Executives and investment bankers have reported that the law has forced them to renegotiate or kill a deal over the last three years.
Despite the complaints, there is little they can do to fight the charges. The easiest course can be a deferred prosecution agreement, a deal that allows a company to pay a fine and avoid trial by promising to clean up its act.
Without trials, though, there is little case law for attorneys or companies to study.
As a result... the enforcement agencies have broad power and discretion to enforce the FCPA as they determine appropriate, the New York City Bar Association report said.
Mukasey, testifying on behalf of the Chamber of Commerce's Institute for Legal Reform, stressed during a June House Judiciary Committee hearing the need for the law's scope to be narrowed.
For instance, Mukasey said the definition of foreign official is too broad, covering employees of state-controlled companies considered instrumentalities of government.
The DOJ and the SEC considers everyone who works for an instrumentality, from the most senior executive to the most junior mailroom clerk, to be a foreign official, Mukasey told lawmakers, adding that the law should define foreign official as anyone working at a company in which the government holds majority stake.
He also wants the law to allow companies to avoid liability for foreign bribery if a rogue employee circumvent internal controls. Another proposed change would make it harder to land a criminal conviction against a corporation by requiring prosecutors to prove that the company intentially bribed a foreign official.

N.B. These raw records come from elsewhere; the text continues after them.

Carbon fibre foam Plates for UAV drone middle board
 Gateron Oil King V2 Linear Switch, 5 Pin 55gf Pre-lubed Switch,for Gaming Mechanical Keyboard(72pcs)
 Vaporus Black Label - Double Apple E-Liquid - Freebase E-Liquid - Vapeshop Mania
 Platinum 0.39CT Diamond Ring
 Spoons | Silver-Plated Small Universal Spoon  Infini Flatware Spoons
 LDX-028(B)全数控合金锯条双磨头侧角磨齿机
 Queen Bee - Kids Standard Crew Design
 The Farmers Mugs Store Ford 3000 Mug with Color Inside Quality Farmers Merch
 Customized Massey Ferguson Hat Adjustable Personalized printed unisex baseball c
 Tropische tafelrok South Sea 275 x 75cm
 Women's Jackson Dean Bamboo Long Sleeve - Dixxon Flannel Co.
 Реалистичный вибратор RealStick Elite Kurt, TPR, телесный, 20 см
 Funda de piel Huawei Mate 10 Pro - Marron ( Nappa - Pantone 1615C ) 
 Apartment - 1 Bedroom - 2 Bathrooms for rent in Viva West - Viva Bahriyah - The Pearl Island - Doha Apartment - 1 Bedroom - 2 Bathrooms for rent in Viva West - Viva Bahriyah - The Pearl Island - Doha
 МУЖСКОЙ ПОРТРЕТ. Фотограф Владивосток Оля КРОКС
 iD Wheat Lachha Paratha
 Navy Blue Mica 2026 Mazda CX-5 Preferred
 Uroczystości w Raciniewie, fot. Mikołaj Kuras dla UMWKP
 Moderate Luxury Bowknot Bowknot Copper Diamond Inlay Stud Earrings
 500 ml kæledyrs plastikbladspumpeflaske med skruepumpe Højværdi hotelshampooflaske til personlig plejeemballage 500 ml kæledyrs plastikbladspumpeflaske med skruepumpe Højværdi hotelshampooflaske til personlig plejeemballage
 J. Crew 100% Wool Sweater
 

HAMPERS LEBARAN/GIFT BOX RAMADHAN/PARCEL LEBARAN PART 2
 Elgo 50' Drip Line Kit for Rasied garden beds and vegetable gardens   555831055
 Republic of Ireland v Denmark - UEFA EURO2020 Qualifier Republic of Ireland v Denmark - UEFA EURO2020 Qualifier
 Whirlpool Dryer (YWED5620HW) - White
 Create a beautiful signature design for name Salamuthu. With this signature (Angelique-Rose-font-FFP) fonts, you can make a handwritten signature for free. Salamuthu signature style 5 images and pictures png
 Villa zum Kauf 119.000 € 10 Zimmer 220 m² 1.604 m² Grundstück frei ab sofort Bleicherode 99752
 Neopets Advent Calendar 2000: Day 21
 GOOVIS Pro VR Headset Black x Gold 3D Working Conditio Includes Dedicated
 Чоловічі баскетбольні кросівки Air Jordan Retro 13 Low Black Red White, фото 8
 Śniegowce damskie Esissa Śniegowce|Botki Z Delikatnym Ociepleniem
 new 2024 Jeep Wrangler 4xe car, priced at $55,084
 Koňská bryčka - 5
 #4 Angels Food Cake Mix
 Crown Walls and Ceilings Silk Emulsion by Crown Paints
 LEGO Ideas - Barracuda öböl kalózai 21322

An Update to a 1977 Corruption Law?
Talk of altering the law will likely increase this year. The Senate and House have now held hearings on the matter and key lawmakers have said they will introduce legislation to alter the 34-year-old law.
The Justice Department is pushing back at the effort.
We have no intention whatsoever of supporting reforms whose aim is to weaken the FCPA and make it a less effective tool for fighting foreign bribery, Breuer, the assistant attorney general in the criminal division, said in a November speech, adding that the Obama administration next year will release detailed new guidance for companies.
The guidance should be a boon for companies complaining about operating in untested waters.
Lehtman, the Richards Kibbe & Orbe attorney, told the International Business Times that companies should put in place clear, comprehensive guidelines and training, instead of pinning hopes on a legislative fix. He noted the consternation among smaller companies about compliance costs.
While that may be a valid complaint, he said, it's not going to sit well with the regulators.